Un anno dopo il supermercato per gourmet divenne ufficialmente un progetto della giunta, la quale, per mettersi al riparo da eventuali contestazioni, si premurò di verificare se esistessero idee alternative per quell’area di fronte al nuovo Lingotto, zona divenuta strategica anche grazie alla fermata della metropolitana, posta proprio davanti all’ingresso della fabbrica. Ma la pubblicizzazione del bando non fu esattamente eclatante.

L’amministrazione scelse di pubblicare un piccolo francobollo, stampato in un corpo minuscolo, sull’edizione di Repubblica del 12 settembre del 2004, quindi in un periodo di vacanze estive. Era scritto nel riquadro: «È giunta alla città di Torino la proposta di un Parco Enogastronomico conforme alla destinazione d’uso. Con deliberazione del 6 luglio 2004 si è preso atto della proposta e dell’interesse pubblico della stessa. Nel termine di trenta giorni decorrenti dalla pubblicazione della presente chiunque fosse interessato può presentare progetti conformi alla destinazione d’uso».

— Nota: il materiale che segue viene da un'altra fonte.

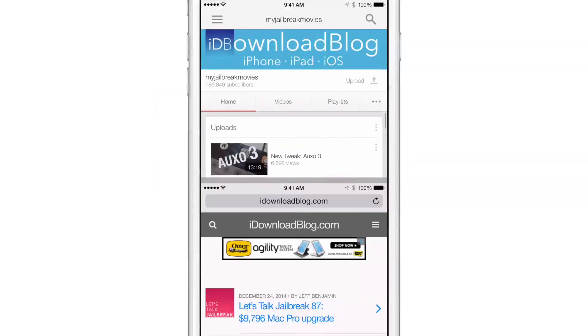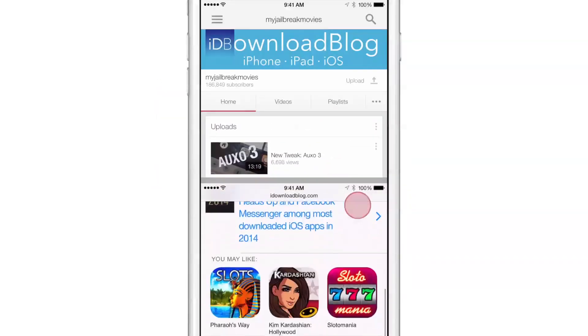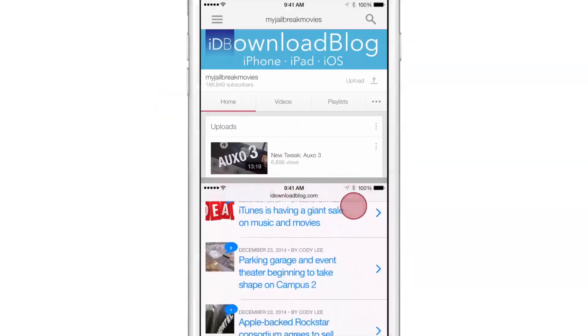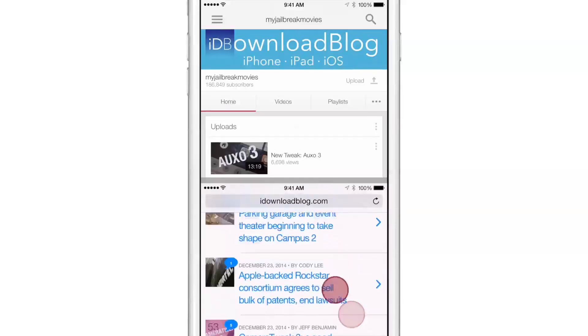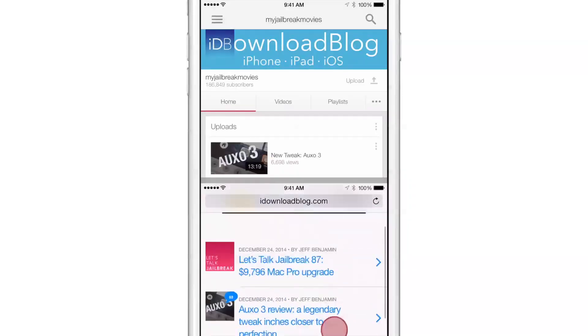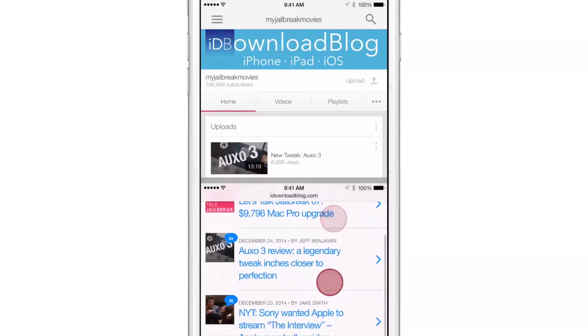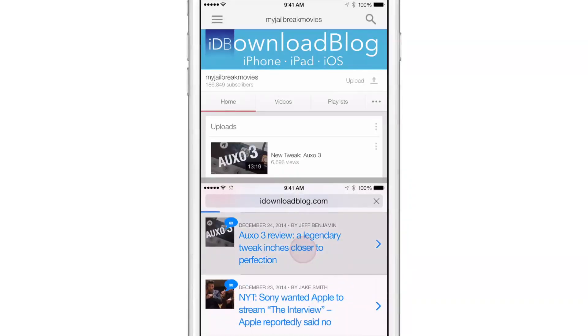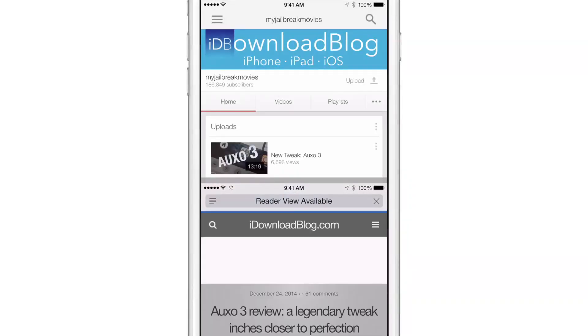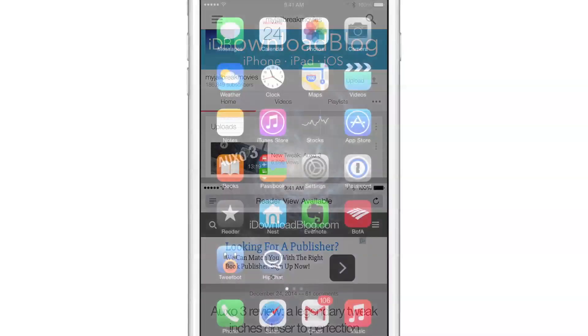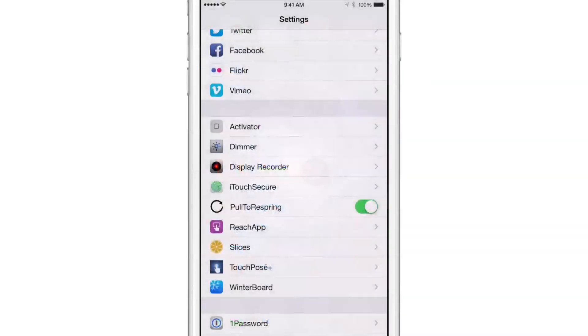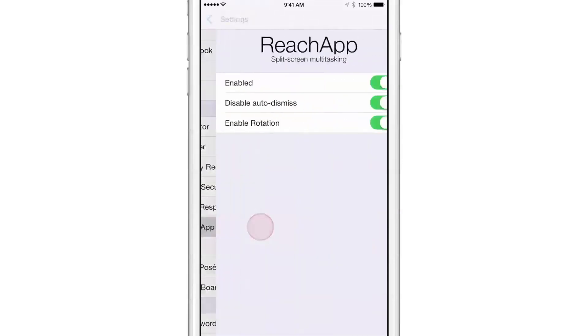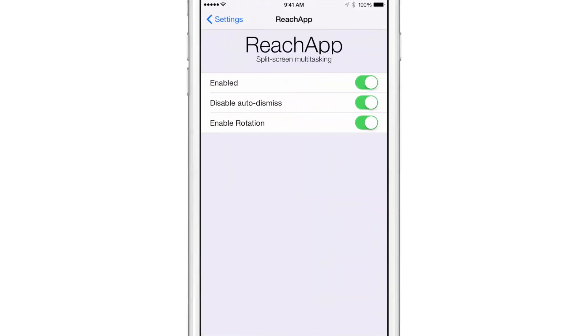What is up, ladies and gentlemen, boys and girls. This is Jeff Benjamin with iDownload Blog, and I have something really extremely cool to show you guys that has so much potential. I just can't wait till this comes out and you guys can check it out yourself. But in the meantime, I'm going to show you right now. It is called Reach App and this jailbreak tweak, this upcoming jailbreak tweak adds true split screen multitasking to iOS, which is really remarkable.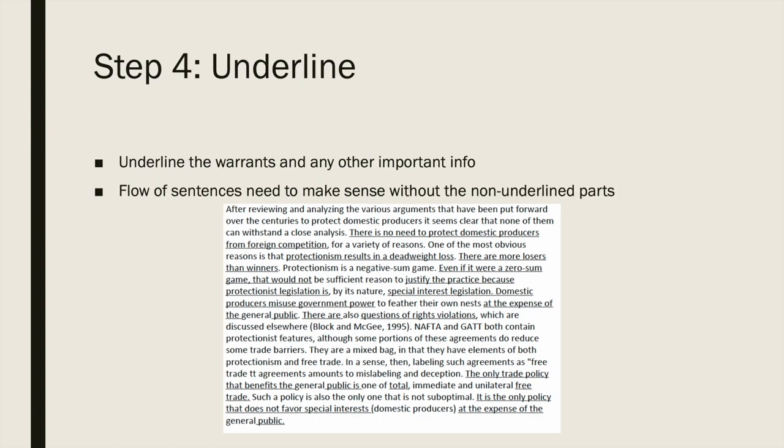Next, go through and underline the warrants and any other important information. Remember, the parts you're underlining are the only parts you're going to read — you're not going to read the entire quote, just the warrants. So the flow of the underlined parts together needs to make sense and form sentences. It's okay if there's a little choppiness, but you wouldn't want to just say 'domestic producers, foreign competition, protectionism, deadweight loss.' You want to underline the warrants and any connecting words needed to make them flow as a sentence.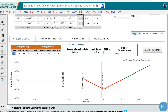This is a quick way to set up a ratio call spread and run a payout diagram to see where your profits and losses are at expiration. Hope this was helpful everyone, and hope to see you in the next video. Thank you.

Forse anche per il taglio singolarmente vago del bando nessuno presentò un progetto alternativo a quello covato e coccolato da Farinetti e Chiamparino, tra una cena e l’altra, nei mesi precedenti. «Il mercante di utopie» ci spiega, però, l’utilità di quel passaggio sul giornale: «Fu indetto il bando, è chiaro, che mai nessuno sospettasse accordi clandestini». Giammai. L’aggiu dicazione avvenne nel modo più limpido, è sottolineato nell’agiografia: «Poiché l’unico disposto a lanciarsi nell’affare fu Farinetti (venne calcolato che la ristrutturazione non sarebbe costata meno di 22 milioni di euro) il vecchio opificio se lo aggiudicò lui: suo per i successivi 60 anni, con l’obbligo di rimetterlo a nuovo, di pagarci l’Ici».

Assodato che Oscar non avrebbe voluto pagare nemmeno la tassa sugli immobili, alla fine la ristrutturazione richiese non più di 6-7 milioni e quindi oggi i 2.500 metri quadrati di Eataly dedicati alla vendita e alla ristorazione (considerando la concessione per 60 anni) costano come l’affitto di un bar o poco più.